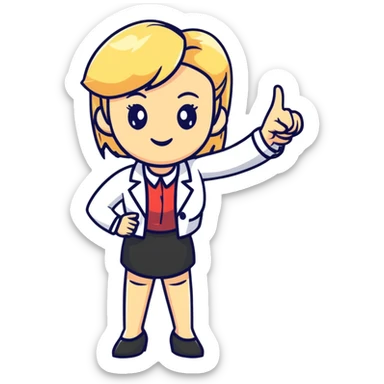 angry blonde female teacher full body without glasses, pointing finger sticker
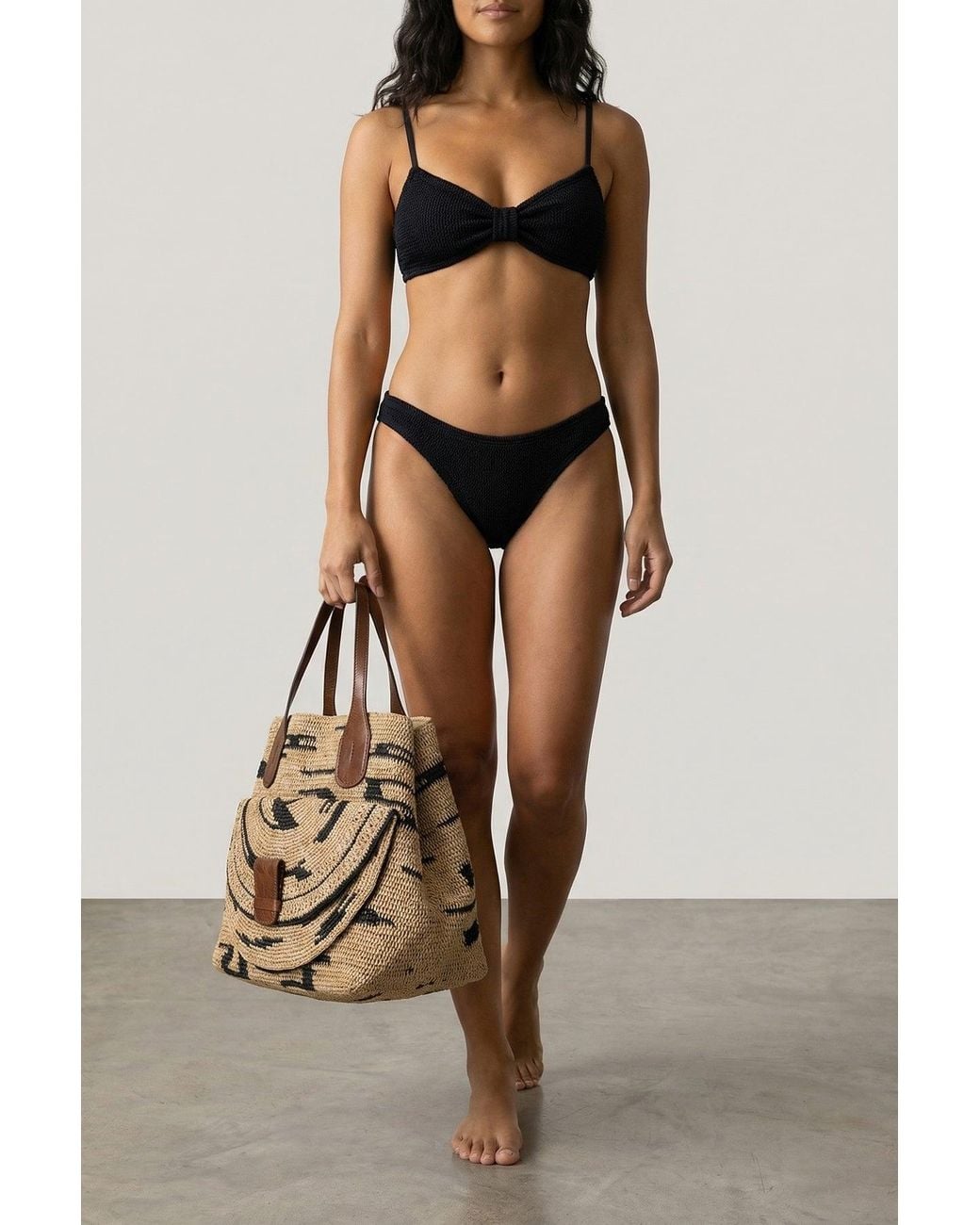 Hunza G Black Crinkle Texture Bikini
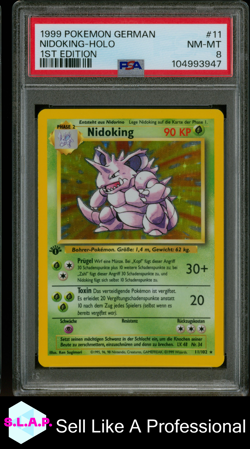 NIDOKING-HOLO 1ST EDITION POKEMON GERMAN 1999 11 PSA 8 - Image 1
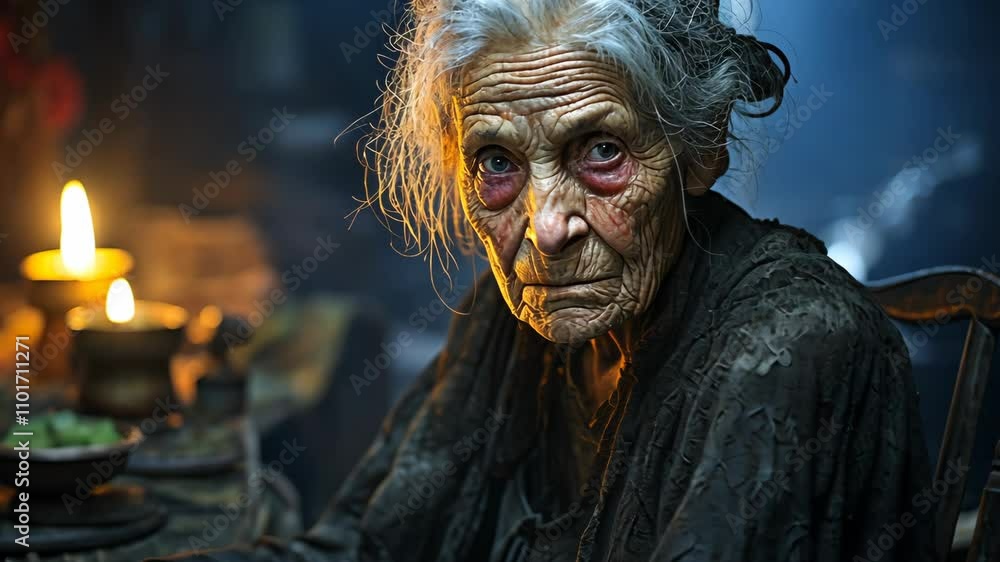 Elderly woman seated at a table in dim light with intense expression Elderly woman seated at a table in dim light with intense expression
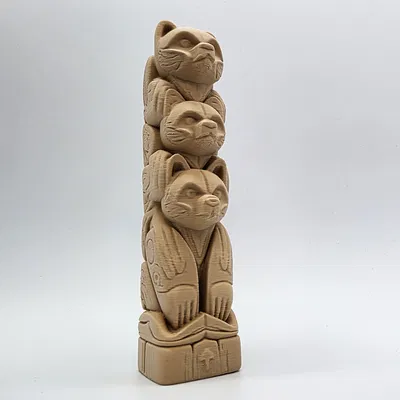 Mô hình cột Totem ba chú gấu trang trí 3D tinh xảo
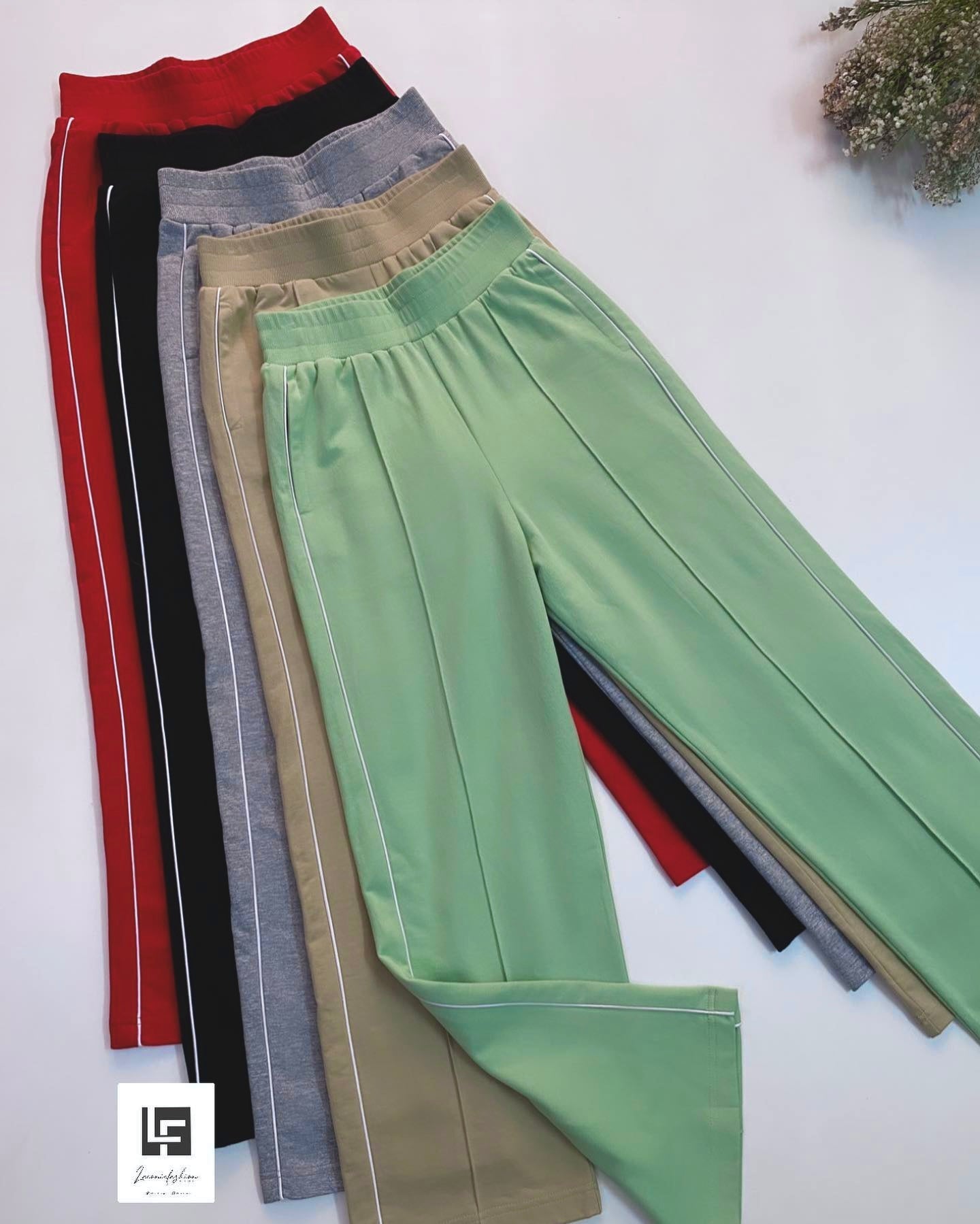 Double Piping Pin Tuck Detail High Waist Straight Leg Trousers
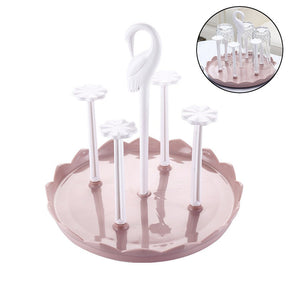 Kitchen Drain Cup Holder Plastic Swan Head Assembled Mug Rack-Pink
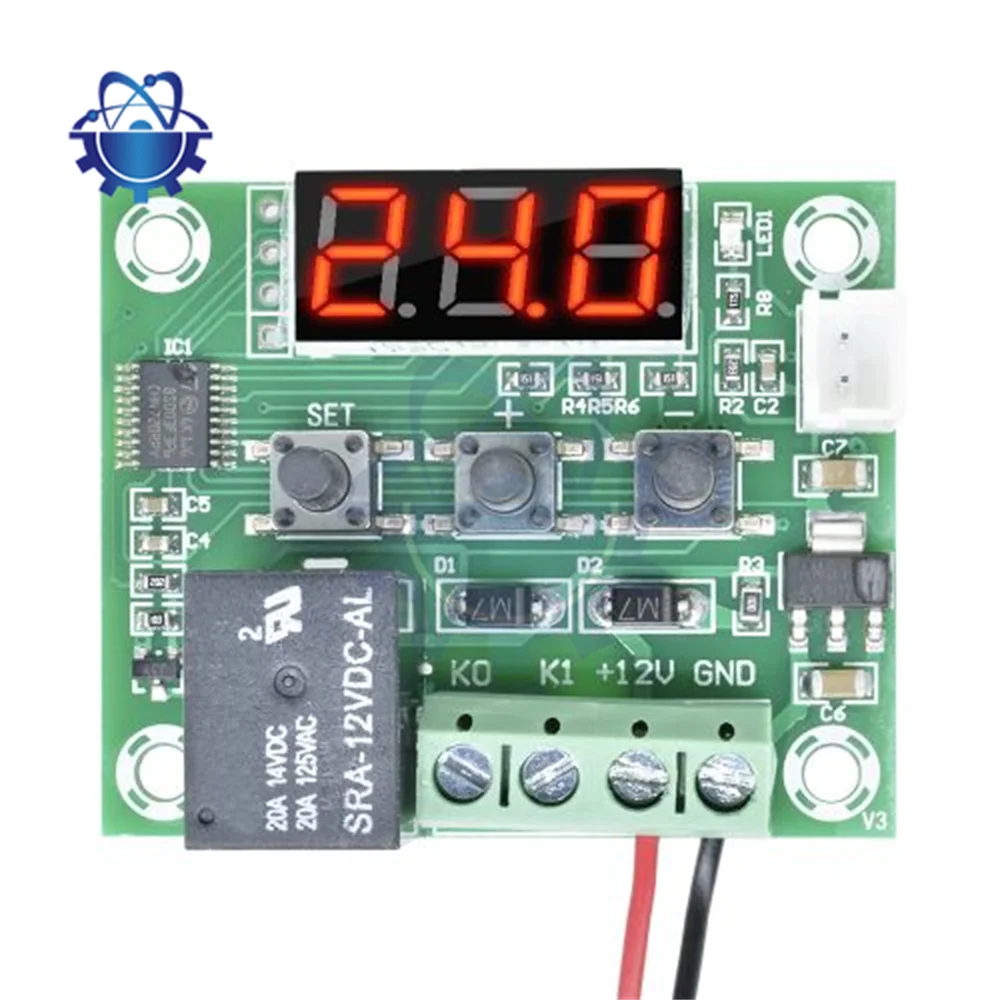 W1209 LED Digital Thermostat Temperature Controller Thermometer Switch Module Waterproof NTC Sensor DC 12V AC 110-220V 50-110°C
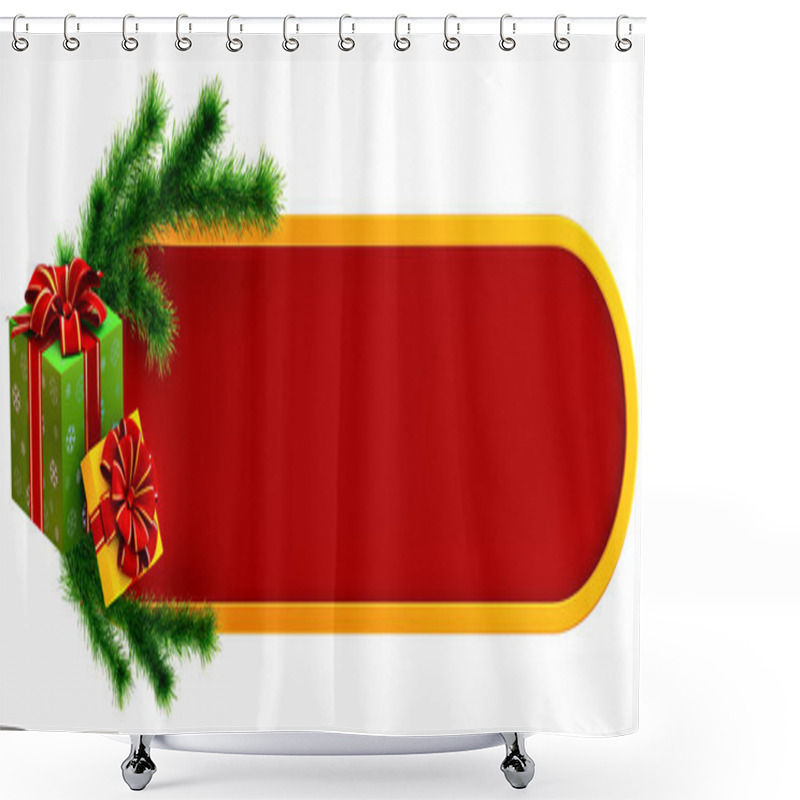 Personality  Christmas Frame With Two Gifts Shower Curtains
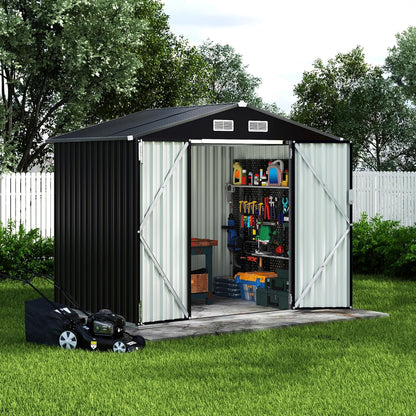 EcoSheds™ LARGE 6x8ft METAL Outdoor Storage Shed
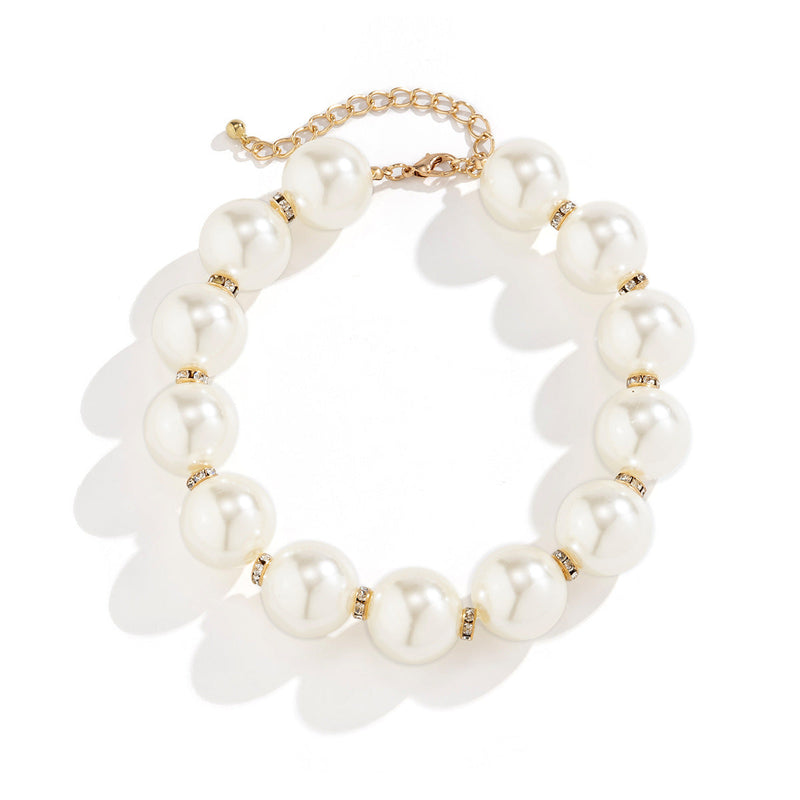 Handmade Big Chunky White Pearl Choker Necklace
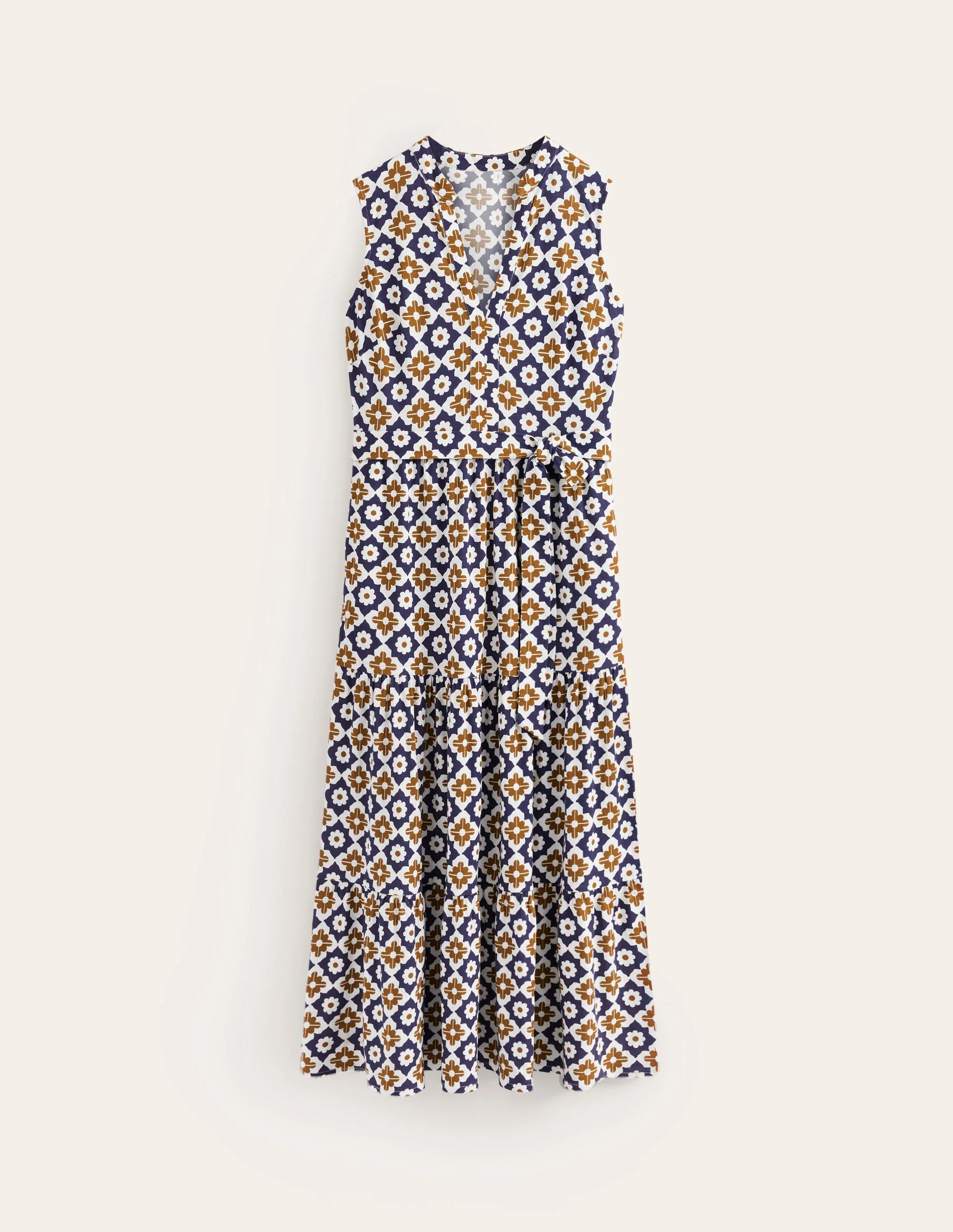 Naomi Maxikleid mit eingekerbtem Kragen-Gummi, Geo - Image 5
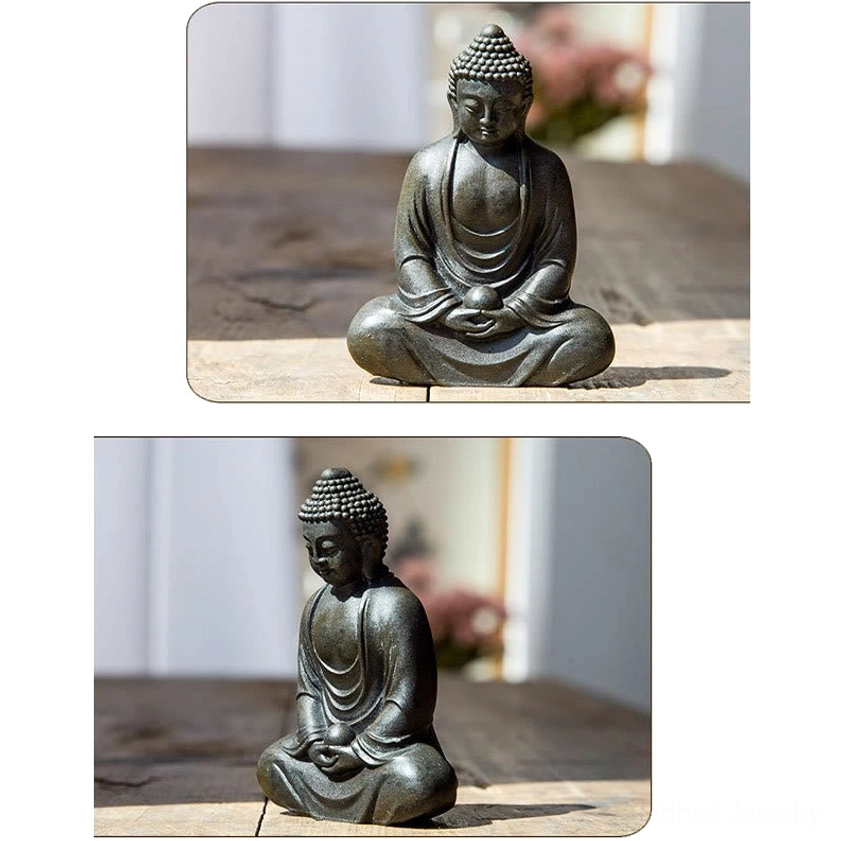 Meditating Buddha statue seated on altar with wooden background, dark grey iron powder material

○ ○ ○

PROBLEM TO SOLVE:
Take the material above from the line containing "intense expression Elderly" up to and including the line containing "Kitchen Drain Cup" and retype it exactly, without any pictures.

RESPONSE:
 Elderly woman seated at a table in dim light with intense expression Elderly woman seated at a table in dim light with intense expression
 Mô hình cột Totem ba chú gấu trang trí 3D tinh xảo
 Double Piping Pin Tuck Detail High Waist Straight Leg Trousers
 Kitchen Drain Cup Holder Plastic Swan Head Assembled Mug Rack-Pink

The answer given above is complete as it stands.